Alibaba Unveils Qwen3 Series, Boosting AI Capabilities with 3.6 Trillion Tokens
Alibaba has released and open-sourced the Qwen3 series of models, which are designed to seamlessly integrate two thinking modes, support 119 languages, and facilitate agent calls. The Qwen3 series includes two expert hybrid (MoE) models and six additional models. The flagship model, Qwen3-235B-A22B, has demonstrated competitive performance in code, mathematics, and general capabilities, matching top models like DeepSeek-R1 and OpenAI's o1. The MoE model Qwen3-30B-A3B, with only 10% of the activation parameters of QwQ-32B, outperforms it, and even smaller models like Qwen3-4B can match the performance of Qwen2.5-72B-Instruct. This system mimics human problem-solving by dividing tasks into smaller datasets, similar to a team of experts each handling different parts to enhance overall efficiency.
Alibaba has also open-sourced the weights of two MoE models: Qwen3-235B-A22B with over 235 billion total parameters and 22 billion activation parameters, and the smaller MoE model Qwen3-30B-A3B with approximately 30 billion total parameters and 3 billion activation parameters. Additionally, six Dense models—Qwen3-32B, Qwen3-14B, Qwen3-8B, Qwen3-4B, Qwen3-1.7B, and Qwen3-0.6B—have been open-sourced under the Apache 2.0 license.
The Qwen3 series is described as a "hybrid" model, capable of both "thinking" to solve complex problems and quickly responding to simple requests, known as "thinking mode" and "non-thinking mode," respectively. The "thinking mode" allows the model to perform self-fact-checking, similar to OpenAI's o3 model, but with higher delay in the reasoning process. The Qwen team's blog post highlights that Qwen3 is trained on nearly 3.6 trillion tokens, double the amount used for Qwen2.5. The training data includes textbooks, question-answer pairs, and code snippets, among other contents. The pre-training process for Qwen3 is divided into three stages, with the first stage involving pre-training on over 30 trillion tokens with a context length of 4K tokens to provide basic language skills and general knowledge. The second stage improves the dataset by increasing the proportion of knowledge-intensive data, such as STEM, programming, and reasoning tasks, followed by pre-training on an additional 500 billion tokens. The final stage extends the context length to 32K tokens using high-quality long-context data to ensure the model can effectively handle longer inputs.
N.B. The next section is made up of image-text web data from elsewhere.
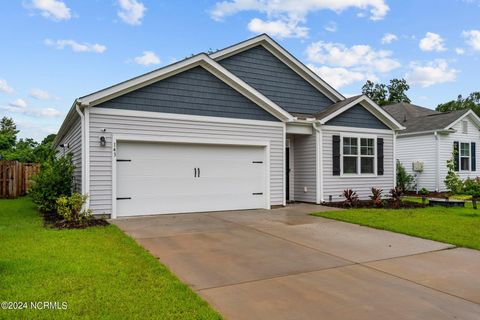 A home in Wilmington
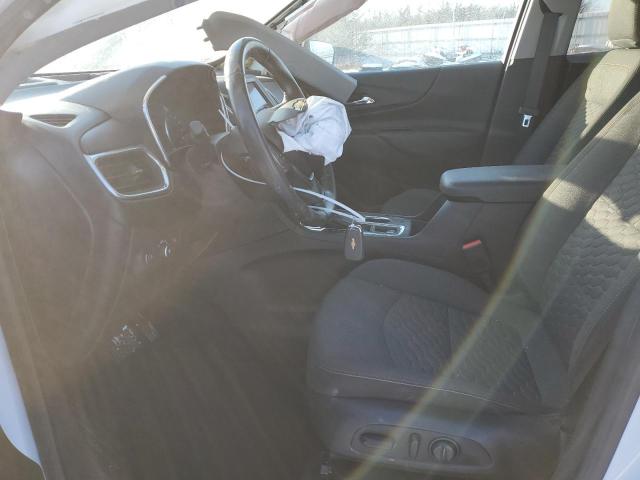 Photo 7 from auction – 2021 CHEVROLET EQUINOX LT with VIN 3GNAXUEV0MS123766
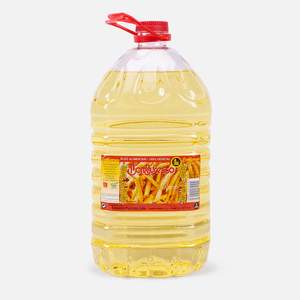 Venta al por mayor de aceite de girasol Suministro al por mayor de aceite de girasol para cocinar de alta calidad - Product Image 6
Alibaba notes that due to improvements in model architecture, increased training data, and more efficient training methods, the overall performance of the Qwen3 Dense base model is comparable to that of the parameter-rich Qwen2.5 base model. For instance, Qwen3-1.7B/4B/8B/14B/32B-Base models perform similarly to Qwen2.5-3B/7B/14B/32B/72B-Base models, with Qwen3 Dense base models even outperforming larger Qwen2.5 models in STEM, coding, and reasoning. Qwen3 MoE base models achieve similar performance to Qwen2.5 Dense base models using only 10% of the activation parameters, significantly reducing training and inference costs. In the fine-tuning stage, alibaba used diverse long-thinking chain data to fine-tune the model, covering tasks and domains such as mathematics, code, logical reasoning, and STEM problems, equipping the model with basic reasoning capabilities. Large-scale reinforcement learning was then employed, using rule-based rewards to enhance the model's exploration and research capabilities.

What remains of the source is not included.